● **Task to carry out**: Starting with the line that contains "Surfer Dude mugs by" and ending with the last line of the listing, print each line exactly. Pictures stay out.

Provided material START

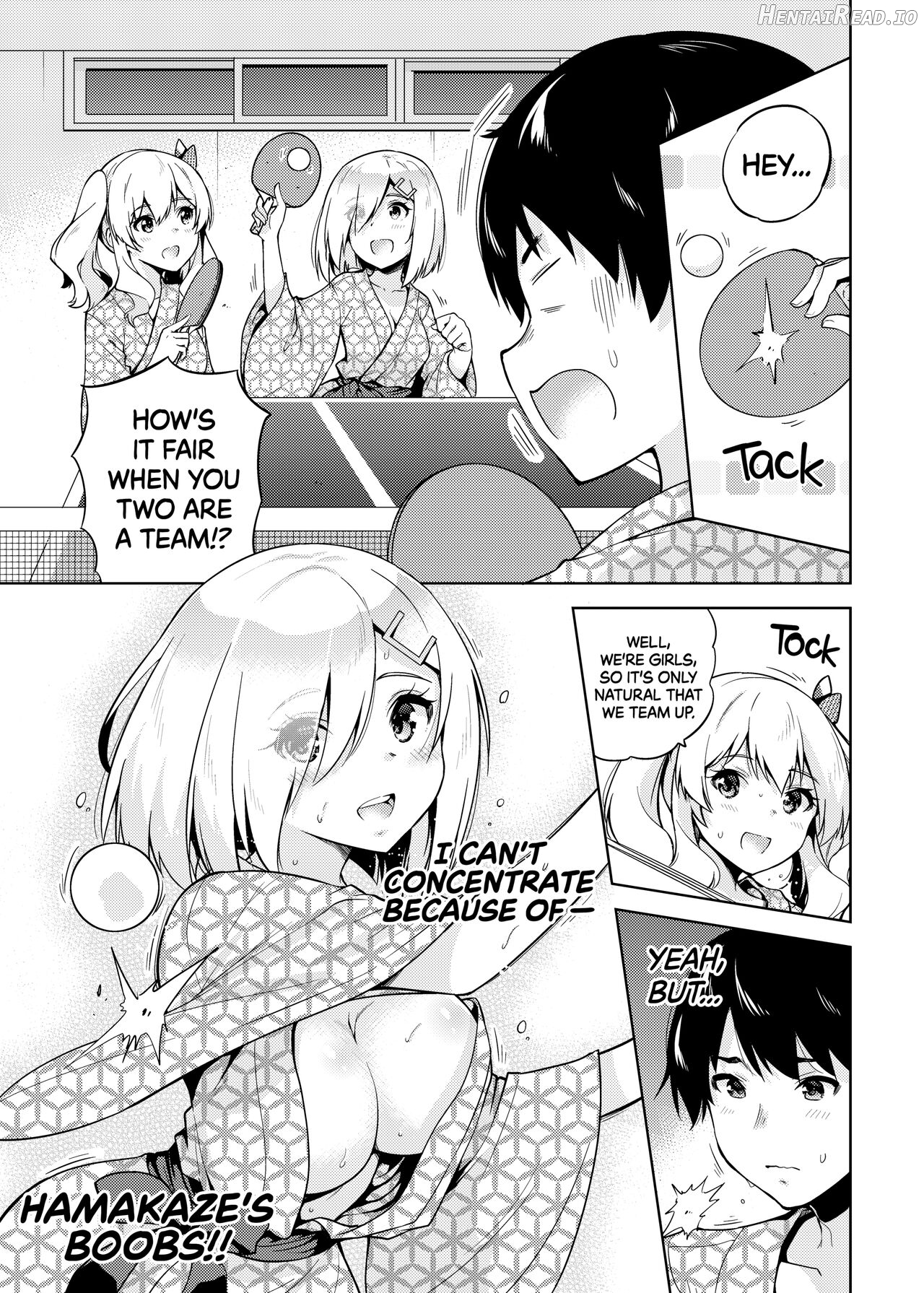 Onsen Yukata na Kashima-san to Hamakaze-san to. - Decensored Chapter 1 - page 4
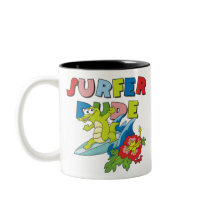 Surfer Dude mugs by sport_shop Surfer Dude mugs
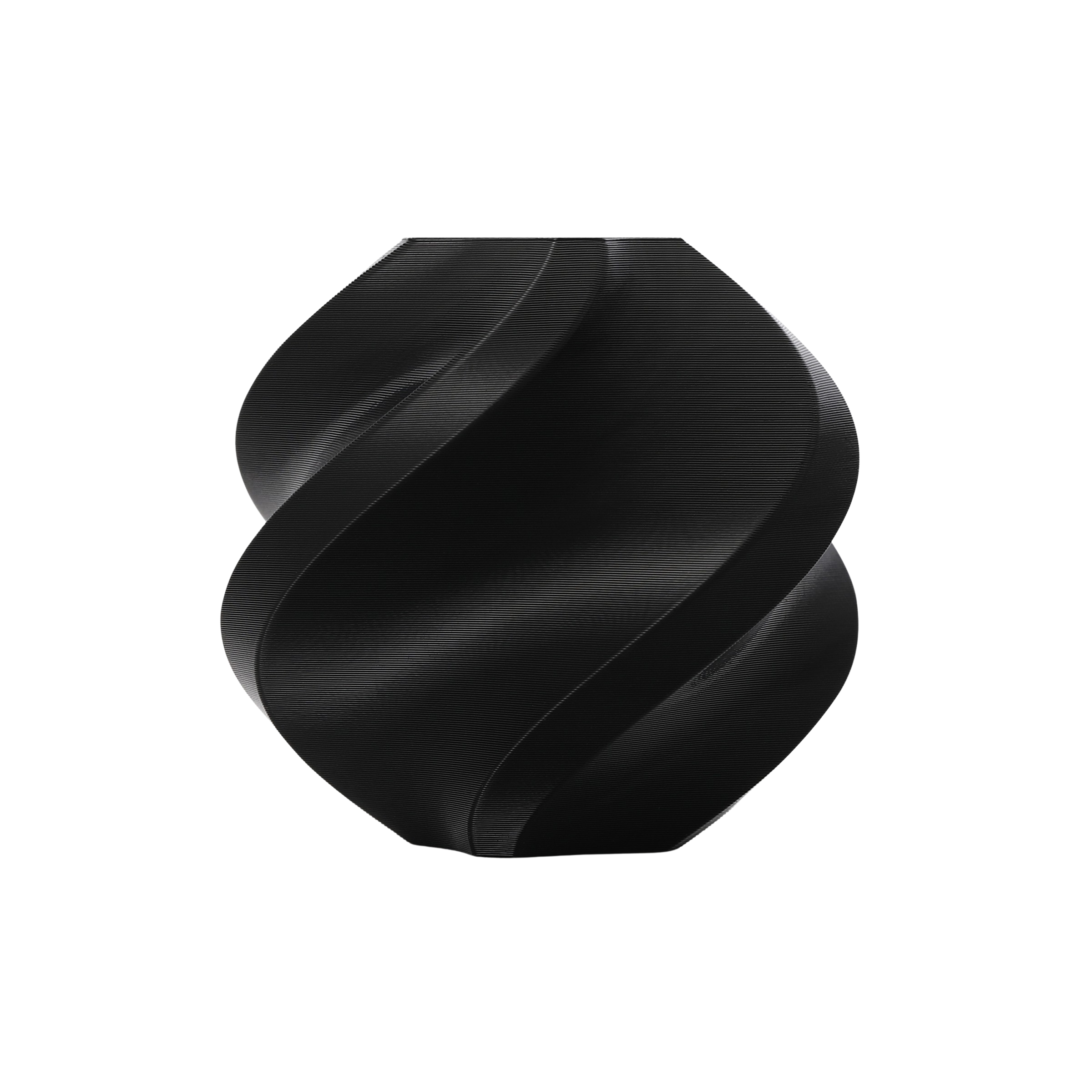 Bambu Lab PETG Basic Refill Filament (spool-free) 1kg, Black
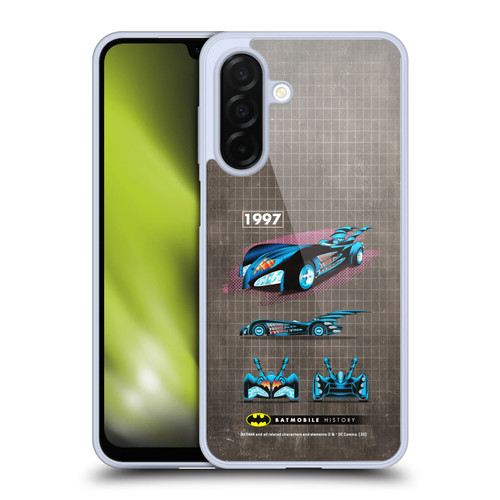 Batman DC Comics Batmobile History 1997 Movie Soft Gel Case for Samsung Galaxy A26 5G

Provided material END

● **Output of the exercise**:
 Surfer Dude mugs by sport_shop Surfer Dude mugs
 Bambu Lab PETG Basic Refill Filament (spool-free) 1kg, Black
 Batman DC Comics Batmobile History 1997 Movie Soft Gel Case for Samsung Galaxy A26 5G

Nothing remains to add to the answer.